EXERCISE AIM –
Exact copy, no pictures: set down the lines from the one holding "beer cat | ME" through the final line of the records below.
___ INPUT FOR THIS TASK
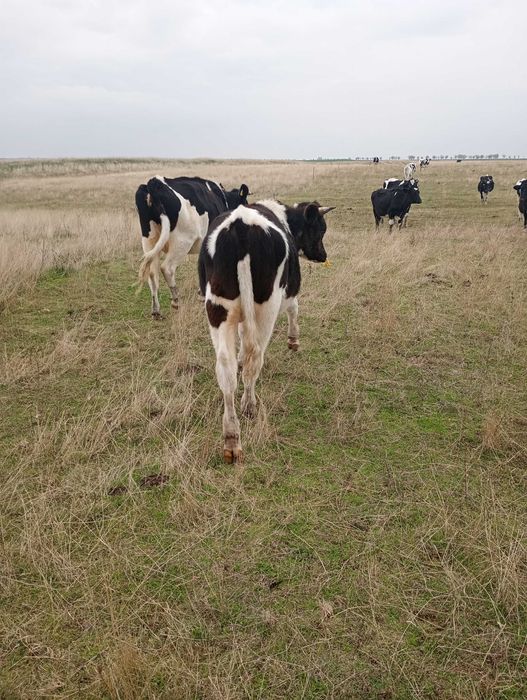 Tăurași în viu sau in carcasă
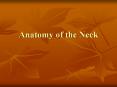 Anatomy of the Neck Anterior triangle Midline of the nec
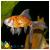 Шубункин ситцевый MCarassius auratus var. | Цена: 395 | На складе 7 шт.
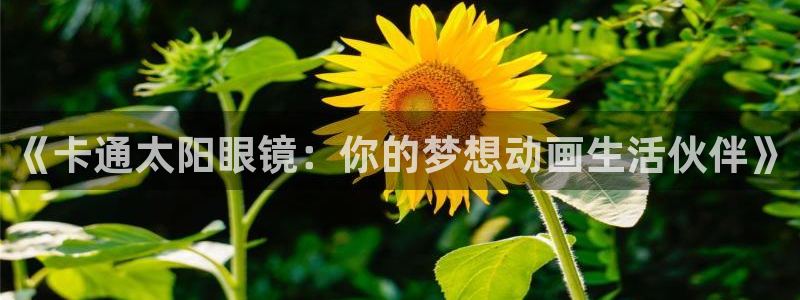 新宝5下载到桌面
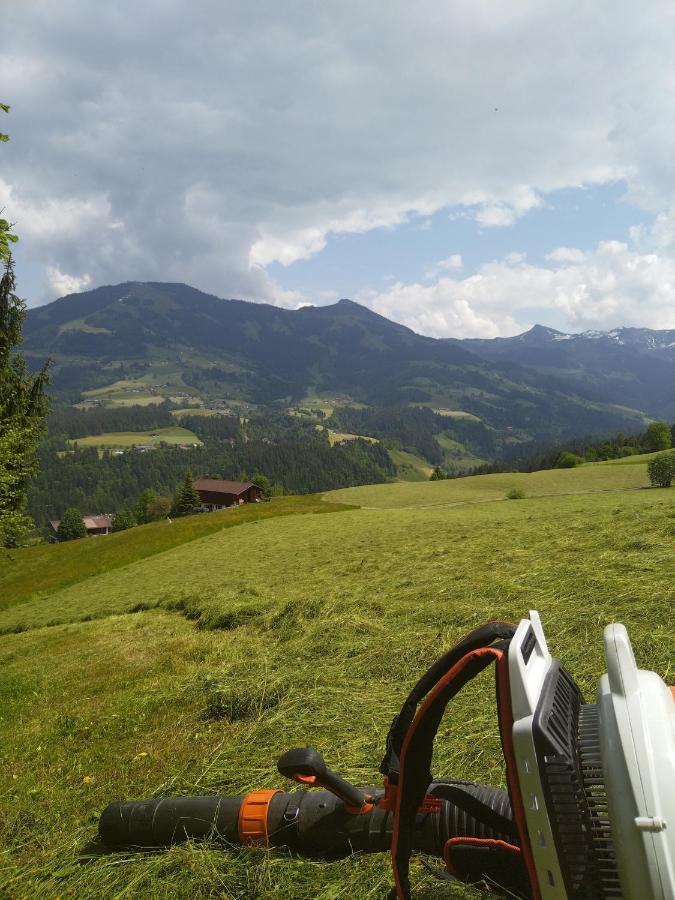 Schwemm Moos Apartamento Westendorf Exterior foto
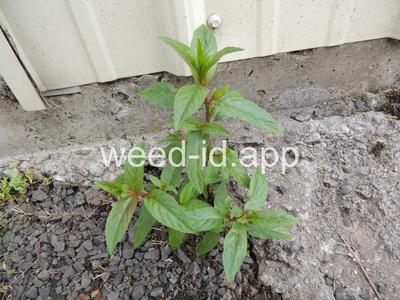 willowweed, American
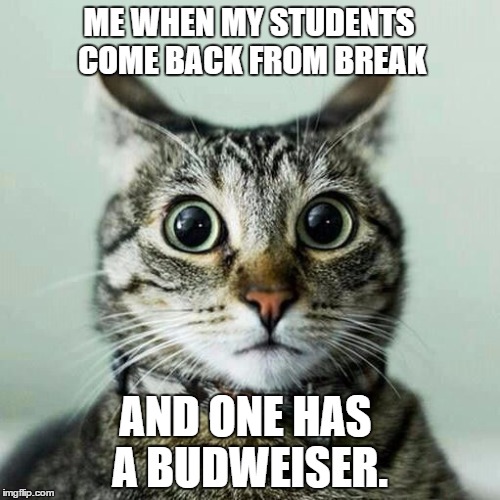 beer cat | ME WHEN MY STUDENTS COME BACK FROM BREAK; AND ONE HAS A BUDWEISER. | image tagged in beer,cat,shocked | made w/ Imgflip meme maker
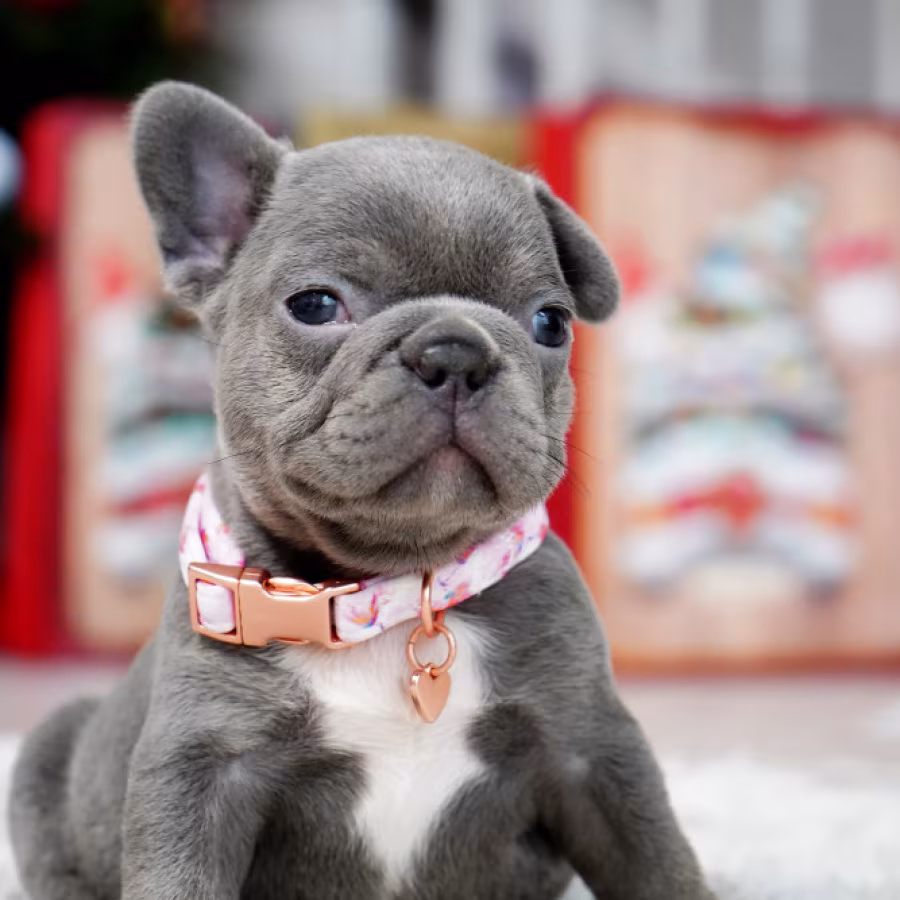 Female Blue. This will be a great Christmas gift.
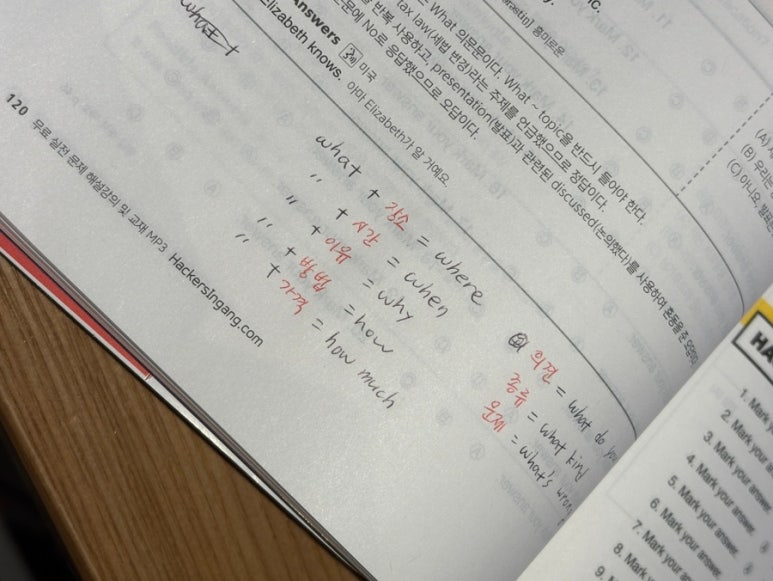 홍지인 이미지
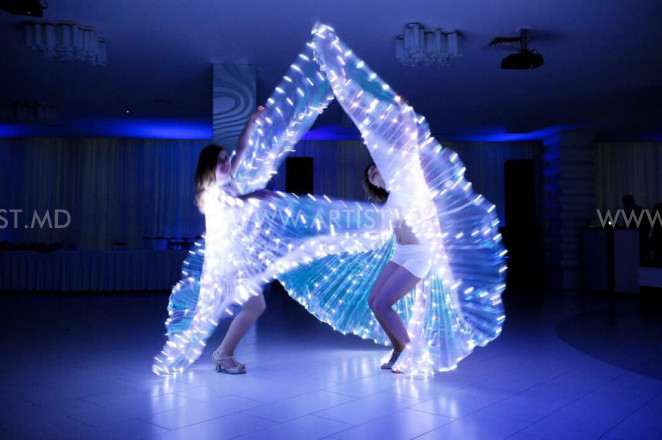 Led Show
______
RESPONSE TO THIS TASK –
 beer cat | ME WHEN MY STUDENTS COME BACK FROM BREAK; AND ONE HAS A BUDWEISER. | image tagged in beer,cat,shocked | made w/ Imgflip meme maker
 Female Blue. This will be a great Christmas gift.
 홍지인 이미지
 Led Show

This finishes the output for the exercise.